(Task directions) Leave out the pictures and give back all the entries exactly as written.

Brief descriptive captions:
+++

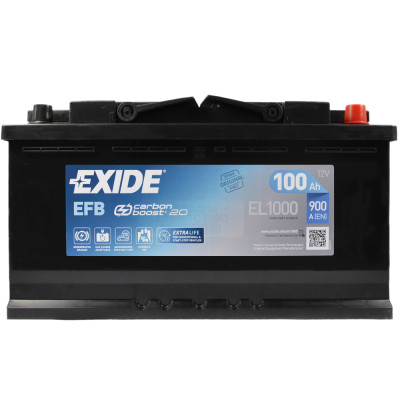 Автомобільний акумулятор EXIDE (EL1000) Start-Stop EFB 100Аh 900A R+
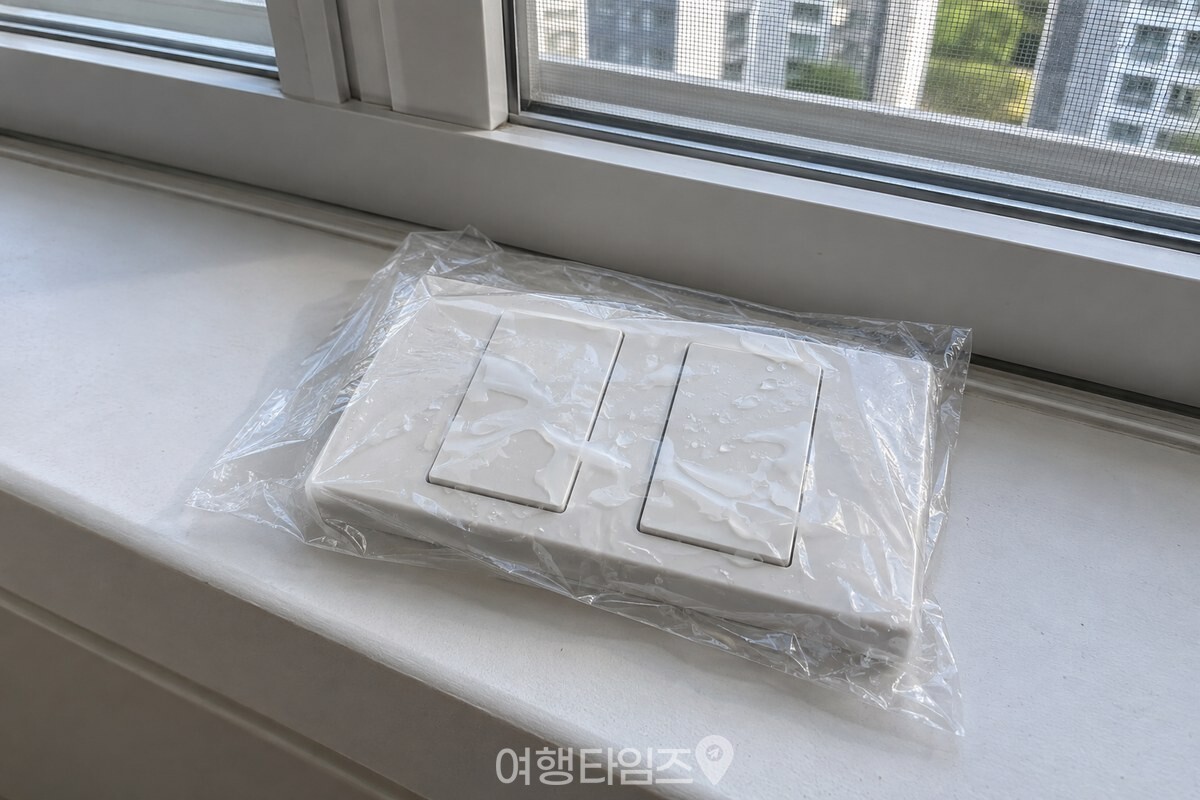 산화제를 바른 스위치 커버를 투명 비닐로 감싸 깨끗한 베란다 창가에 둔 모습이다. / 기사 이해를 돕기 위한 생성형 이미지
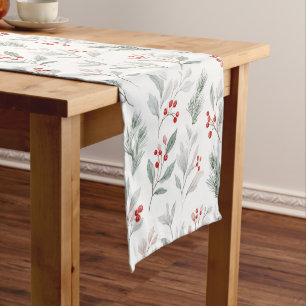 Chemin De Table Court Motif de gui et de baies de houx
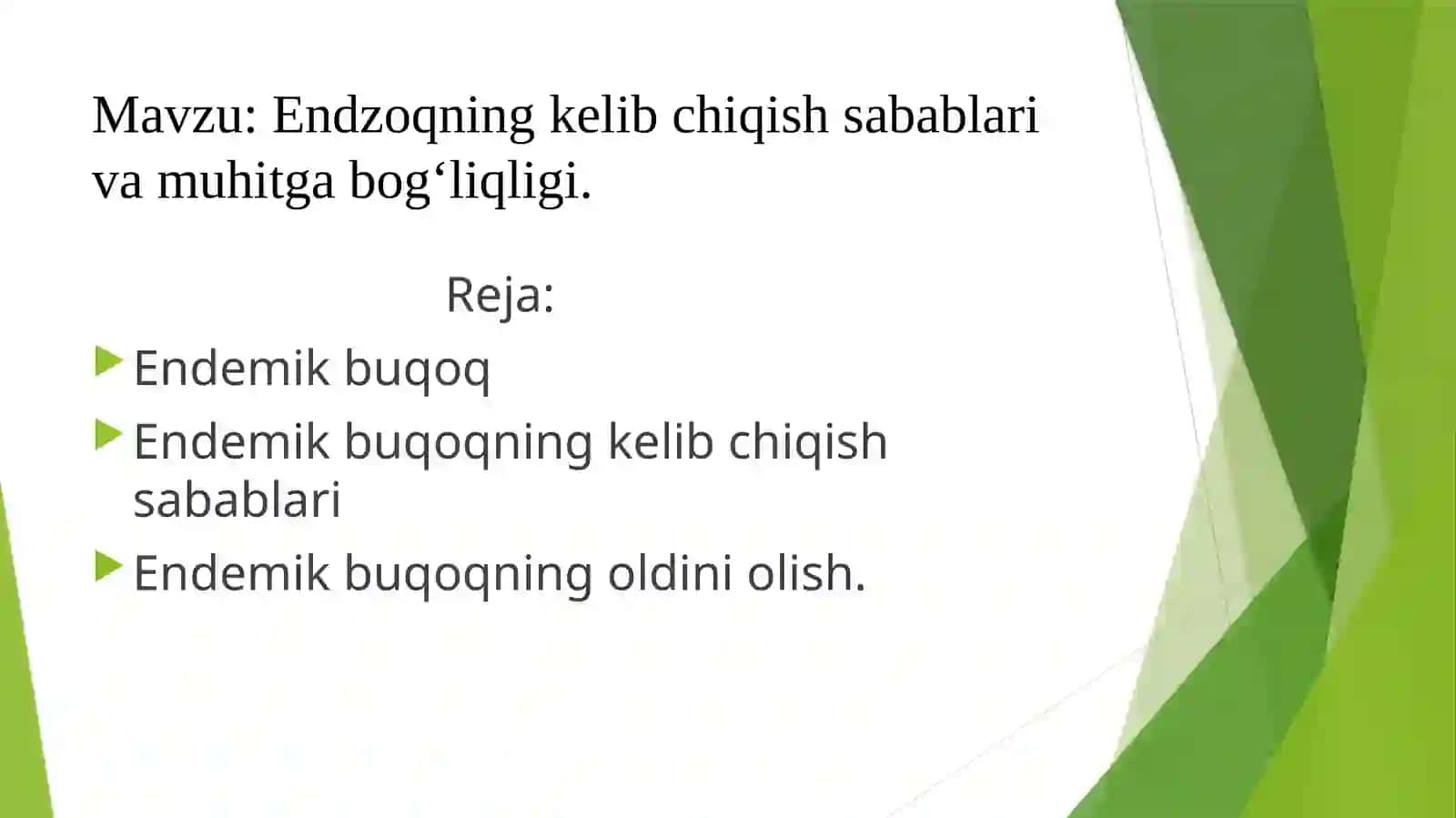 Yosh fiziologiyasi fanidan taqdimot 2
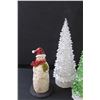 Image 2 : (2) Christmas Tree (Light-up- Battery), Snowman Figurine & (2) Candles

+++

(Answer space)
 Автомобільний акумулятор EXIDE (EL1000) Start-Stop EFB 100Аh 900A R+
 산화제를 바른 스위치 커버를 투명 비닐로 감싸 깨끗한 베란다 창가에 둔 모습이다. / 기사 이해를 돕기 위한 생성형 이미지
 Chemin De Table Court Motif de gui et de baies de houx
 Yosh fiziologiyasi fanidan taqdimot 2
 Image 2 : (2) Christmas Tree (Light-up- Battery), Snowman Figurine & (2) Candles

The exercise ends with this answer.